## Dataset section
◇ ◇ ◇ ◇
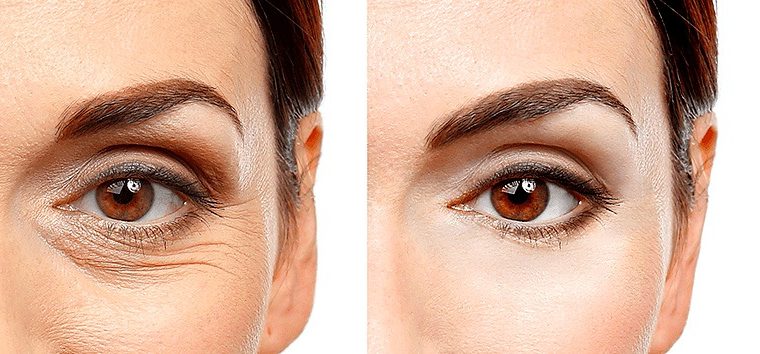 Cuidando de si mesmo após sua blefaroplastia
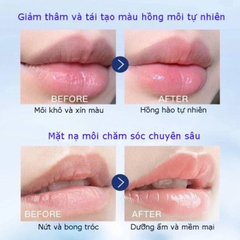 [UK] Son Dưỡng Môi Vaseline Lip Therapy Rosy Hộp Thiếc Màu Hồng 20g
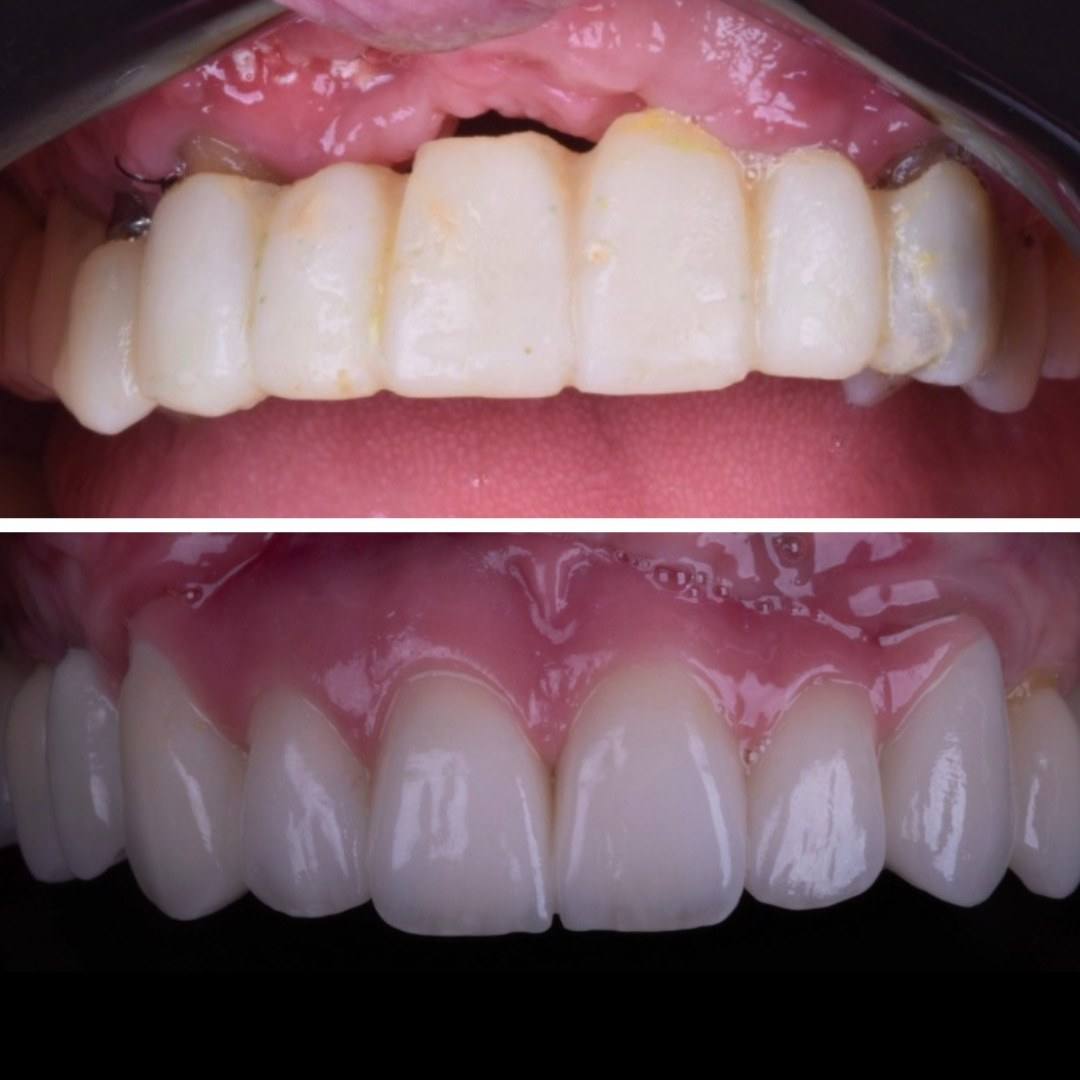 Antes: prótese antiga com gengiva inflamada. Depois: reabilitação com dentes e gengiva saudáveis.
◇ ◇ ◇ ◇
## Goal of the exercise
Word for word, reproduce all of the data, but keep out the pictures.

## Written answer
 Cuidando de si mesmo após sua blefaroplastia
 [UK] Son Dưỡng Môi Vaseline Lip Therapy Rosy Hộp Thiếc Màu Hồng 20g
 Antes: prótese antiga com gengiva inflamada. Depois: reabilitação com dentes e gengiva saudáveis.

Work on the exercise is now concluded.